According to the National Institute of Mental Health, millions of American adults may suffer from sad...also known as seasonal affective disorder, but many may not know they have the condition.
SAD occurs more often in women than in men and tends to be more common in certain regions.
“It’s definitely more common in the northern hemisphere where the days are shorter, and we experience much more of those inter months,” says Chief Behavioral Health Officer at Northern Nevada HOPES, Kristen Davis-Coelho.
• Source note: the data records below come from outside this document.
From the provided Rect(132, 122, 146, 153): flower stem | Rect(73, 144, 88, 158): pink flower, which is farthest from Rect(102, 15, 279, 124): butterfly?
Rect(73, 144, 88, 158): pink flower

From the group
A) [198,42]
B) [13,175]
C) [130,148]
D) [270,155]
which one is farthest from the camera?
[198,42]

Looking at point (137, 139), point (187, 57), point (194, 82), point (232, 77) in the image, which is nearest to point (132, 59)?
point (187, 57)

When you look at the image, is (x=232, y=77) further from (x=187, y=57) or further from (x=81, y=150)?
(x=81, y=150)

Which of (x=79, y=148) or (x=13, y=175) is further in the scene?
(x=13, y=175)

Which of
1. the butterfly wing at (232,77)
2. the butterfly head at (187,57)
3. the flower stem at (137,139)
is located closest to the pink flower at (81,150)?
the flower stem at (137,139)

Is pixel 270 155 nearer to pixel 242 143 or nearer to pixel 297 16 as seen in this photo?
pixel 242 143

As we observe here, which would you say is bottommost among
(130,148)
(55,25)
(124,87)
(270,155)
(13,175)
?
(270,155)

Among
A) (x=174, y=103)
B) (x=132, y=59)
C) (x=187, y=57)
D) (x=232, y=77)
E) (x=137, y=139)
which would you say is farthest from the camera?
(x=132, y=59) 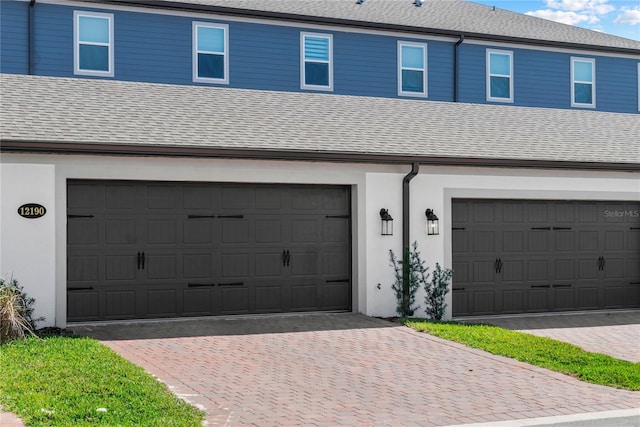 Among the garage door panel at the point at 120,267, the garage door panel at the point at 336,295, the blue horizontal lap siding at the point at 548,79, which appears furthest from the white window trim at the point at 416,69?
the garage door panel at the point at 120,267

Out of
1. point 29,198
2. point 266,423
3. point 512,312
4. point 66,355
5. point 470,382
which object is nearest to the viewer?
point 266,423

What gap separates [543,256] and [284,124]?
5824 millimetres

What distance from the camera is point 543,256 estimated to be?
16.2 metres

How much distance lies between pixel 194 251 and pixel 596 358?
6.80 metres

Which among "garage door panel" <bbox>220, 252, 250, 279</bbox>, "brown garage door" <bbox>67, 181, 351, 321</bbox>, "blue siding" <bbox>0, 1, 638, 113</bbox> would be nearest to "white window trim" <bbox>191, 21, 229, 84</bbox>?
"blue siding" <bbox>0, 1, 638, 113</bbox>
The Institute also cites the symptoms to watch out for, which include oversleeping, overeating, weight gain, and social withdrawal.
Sarah Hartzell, NAMI Northern Nevada Board President, says, that with winters like last year’s, we have a higher tendency to see seasonal affective disorder:
“Especially when you think of last year where we had way more snow than we are used to, it wasn’t the best for people especially after covid and then we have all this snow and we are snowed in and can’t and we can’t see our friends as much and we feel that pressure,” says Hartzell.
Davis-Coelho says there are ways to minimize symptoms on your own:
“A few things people can do on their own, would be to maintain the same sleep wake schedule they normally do during the non-winter months, spend a little time outdoors in daylight hours, and then increase the amount of time they have socially with people who support them.”
Hartzell also shares some methods to minimize symptoms:
“Have some uplifting things you can do in your home that you have easy access to. Sometimes it’s hard to get outside and do activities when the weather is detrimental.”